*** Begin section ***

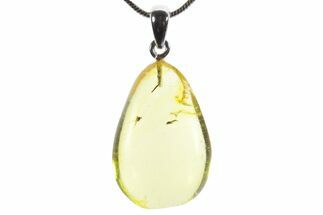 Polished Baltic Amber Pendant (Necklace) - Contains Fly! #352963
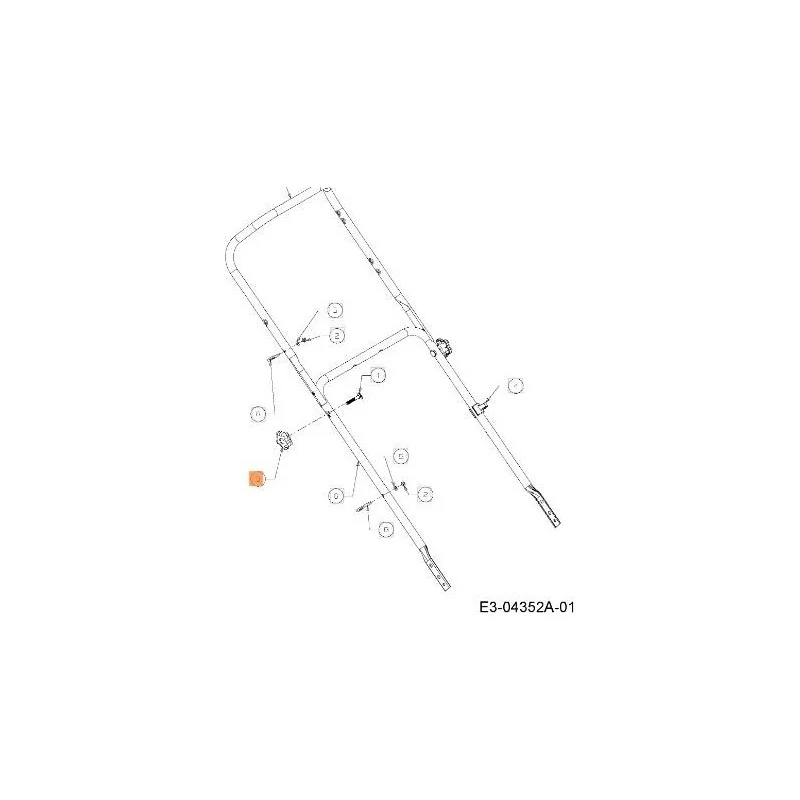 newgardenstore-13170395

*** End section ***
*** Begin section ***

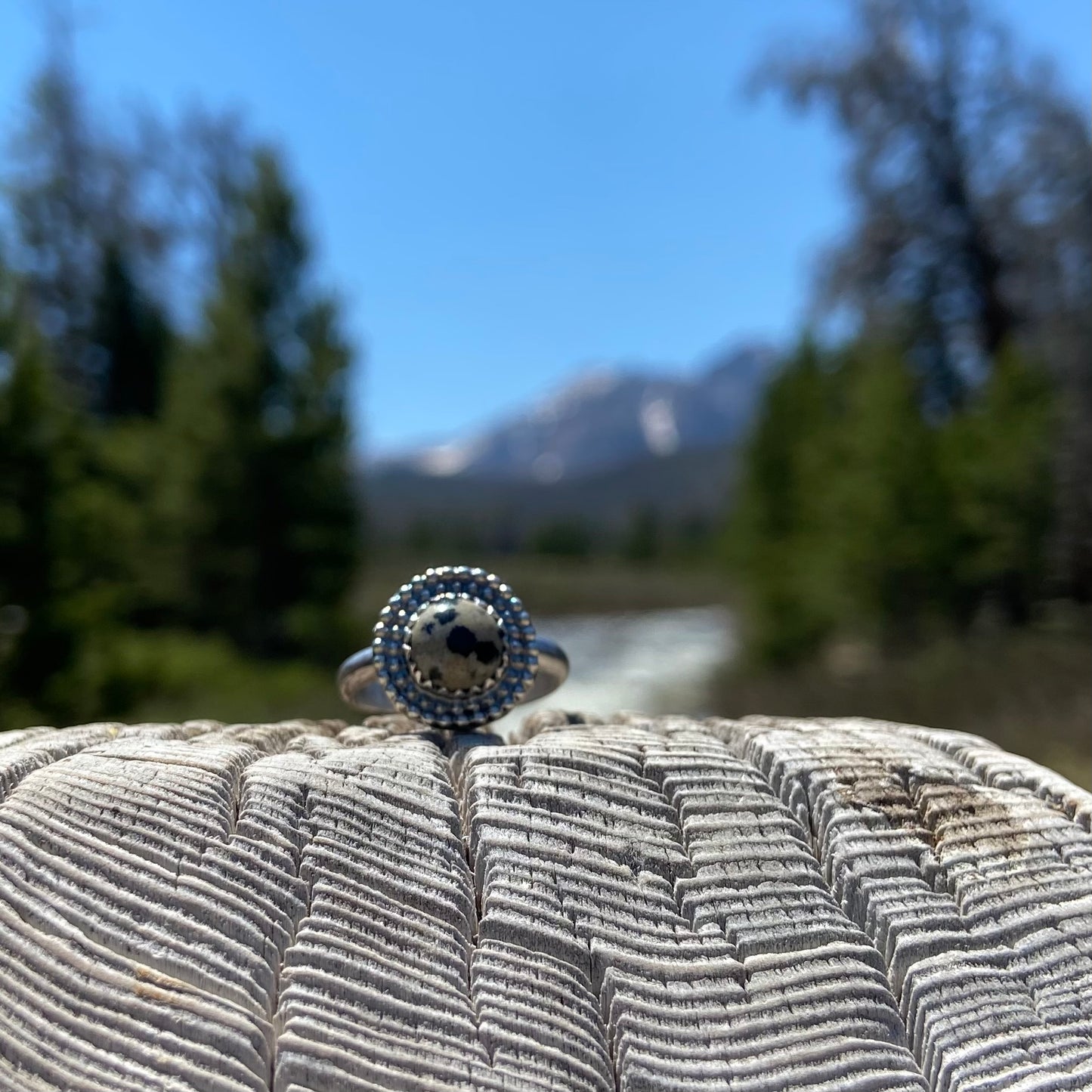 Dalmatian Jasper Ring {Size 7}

*** End section ***
*** Begin section ***

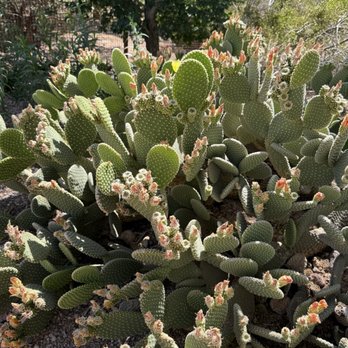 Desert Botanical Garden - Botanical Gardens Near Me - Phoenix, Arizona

*** End section ***

Give back exactly the lines above that run from the one with "Polished Baltic Amber" to the one with "newgardenstore-13170395", including both, with the pictures left out.

• _Exercise result_
 Polished Baltic Amber Pendant (Necklace) - Contains Fly! #352963
 newgardenstore-13170395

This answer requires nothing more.